陈夫的脸色变了变,呼地一下打椅子上起来,“嬷嬷说得是,是我想的差了。南烟那贱丫头,现在什么事做不出来呢。来人,备轿!”
翡翠低着头,默默退下,不多时,外面仆役叫道:“夫人,轿夫到了。”
陈氏扶着陈嬷嬷慢慢走了出来,上了软轿,直奔前院的书房。
轿夫抬着陈氏,跟着前头打着灯笼的二个侍女往前走着,就到了前后院的大门处。
“什么人?”
守门的婆子大声问道。虽然此时还未到锁门的时候,但夜里南府上下是不允下人随意在前后院间走动的。
“夫人去前院见老爷。还不让开!”
陈嬷嬷一声厉喝,让对方退缩了,“原来是陈姐姐啊。”
把门的婆子马上赔笑,“夫人这般晚了,怎么还想着去前院?”
陈嬷嬷把老脸一拉,不乐意道;“怎么,夫人作为主母,想去哪里还要给你报备不成?快让开。”
“是是是,这就让开,这就让开。”
这婆子也不敢问了,麻溜地带着另一个婆子让了开来。
再往前走不多久,就到了前院。陈氏打轿子里头下来,心里却不怎么好受。
虽然南明对女儿南彩彩顶顶上心的,可这几年轻易不怎么乐意往后院来了。
好在彩彩争气,陈氏只当南明是真的老了,对那方面的事也没了兴趣。不过她心头不快,却是怎么也免不了的。

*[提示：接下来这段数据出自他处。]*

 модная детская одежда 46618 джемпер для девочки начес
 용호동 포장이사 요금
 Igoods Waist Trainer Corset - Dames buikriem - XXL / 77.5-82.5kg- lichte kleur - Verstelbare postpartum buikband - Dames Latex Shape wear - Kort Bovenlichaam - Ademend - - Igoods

书房此时还没熄灯,因着陈氏带来人多,外头吵闹声大作,南明又不是耳聋,自然听得声响。
“怎么回事?”
刚刚问了书墨一句话,就听外间夫人的声音响起:“老爷!”
书墨机灵地快步跑到了门前,把门打开,让陈氏进来。
“老爷啊,我心里不好受啊!”
陈氏略带伤感的声音响起,让南明听着不怎么舒服。他多少年不曾听到妻子这般伤感的声音了?
“这是怎么了?可是哪个奴才给你气受了?”
陈氏用手里的帕子沾了沾眼睛,似哭似悲地道:“老爷,你说我今天得了什么信?”
南明看着自己这个夫人,十分不解。
陈氏接着道:“老爷啊,今儿二丫头身边的婢女哭着过来跟我说,她不要在二丫头身边当什么大丫头了。想另寻个差事,哪怕是三等的粗使丫头都肯做呢。”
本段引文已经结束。